Choose or Die has some interesting concepts about shifting realities and some 80s nostalgia, but it never succumbs to its true potential due to an unsightly approach by director Toby Meakins.
There is a current 80s revival that is taking the world by storm. The worlds of fashion, arts, and other scenarios are taking inspiration from one of the most influential decades (especially in music). You are even seeing more movies and TV series set in that decade or based on what made it tick for those who lived through it. This craze is so big that not even the horror genre can stay back from it. Last year, we saw Prano Bailey-Bond’s stylish and thrilling directorial debut, Censor, which focused on a time where British censors were banning plenty of video nasties because they were “causing harm to the audience”.
As a result, films like Maniac, The Evil Dead, Cannibal Holocaust, and The New York Ripper were either cut, edited, or banned altogether. Netflix’s Choose or Die uses that binge of the decade’s nostalgia as a way to create a narrative revolving around the classic arcade games of the time. Choose or Die focuses on a broke college dropout named Kayla (Iona Evans), who’s stuck in a dead-end job washing windows and floors at an unoccupied building.
She has a computer programmer/game designer friend, Isaac (Asa Butterfield), with whom she hangs out to pass the time before their respective jobs. She also prefers to stay with him since her mom has been struggling heavily since the death of her younger brother and started using drugs to numb the pain. By chance, a vintage arcade game, CURS>R, in Isaac’s collection has an unclaimed prize of over two-hundred-thousand dollars, so Kayla decides to take a crack at it to see if she could hit the jackpot.
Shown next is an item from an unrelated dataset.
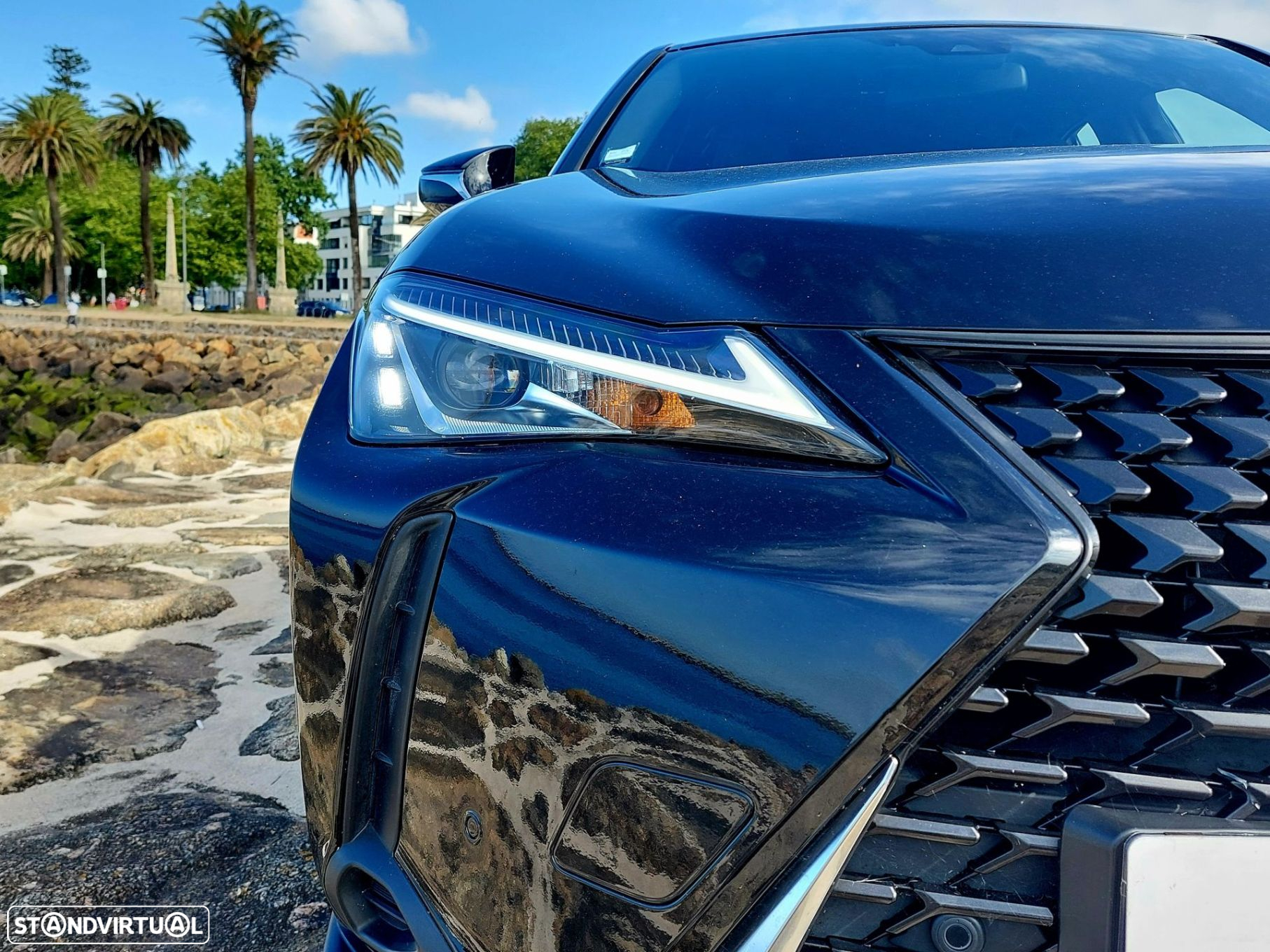 Lexus UX 250h Business - 19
However, what she doesn’t expect is that the game would make her choose between threatening and lethal actions.
If the person who’s playing doesn’t decide on one of the horrific options, they die. Forced to play the game until she defeats “the final boss”, Kayla must survive four levels of intense horrors that may inflict pain on her dearest and closest acquaintances. Netflix doesn’t have the best platform for original horror pictures, although some of its series are solid (like The Haunting of Hill House, Brand New Cherry Flavor, All of Us are Dead). And although Choose or Die has some exciting ideas that might be of some worth, director Toby Meakins’ approach doesn’t service them properly.
The lines between reality and fantasy start to blur as Kayla continues playing the game and going onto another level, which causes the decisions she must make to become even harsher and more brutal. That part alone could have been a fascinating concept for a short feature, albeit not as an eighty-four-minute movie. The narrative isn’t engaging or intriguing enough for it to be extended to such stature unless its horror set pieces are expanded like its contemporaries Ready or Not, Escape Room (even though I don’t like it as much), and Saw.
Also, there is supposed to be more tension with each level, and the atmosphere needs to be filled with the horrors of what may come. Yet, it doesn’t happen. It becomes too radical, and on occasions, in a shoddy fashion, to take it seriously. Nonetheless, some bright spots keep you hankering for its potential. The introduction for Choose or Die perfectly sells the movie, although the rest is quite disappointing. Those first few minutes have great tension, as the scene ends with a person getting his tongue cut off, and the characters involved show great anxiety as they learn they are now part of a game.
And the first encounter between Kayla and the CURS>R program, set in an empty diner, is hard to watch because the waitress is forced to eat glass. These set pieces prove the various possibilities that the film could have taken; what is left is a poorly written feature with underdeveloped characters. In addition, it holds back on the gore and blood for the rest of the kills in the second and third acts, but they are, at least, well-directed (except for a silly CGI-filled kill that I won’t spoil). All you want with this type of film is a fair share of entertainment and scares; nonetheless, since Meakins doesn’t take advantage of the reality shifts between the video game and reality, the crew involved doesn’t have much to play with.
Choose or Die is far more interesting and intriguing than the rest of Netflix’s genre movie catalog, yet, still, it isn’t any good. To be completely honest, I would remember the recent blood-soaked remake of Texas Chainsaw Massacre – a film that everyone hated, but I didn’t think it wasn’t that terrible – more than this. Choose or Die has a handful of ideas, a delightful Robert Englund voice cameo, and some nasty, in a good way, horror set-pieces; however, there isn’t anything else worth watching it for.
Choose or Die is now available to watch on Netflix.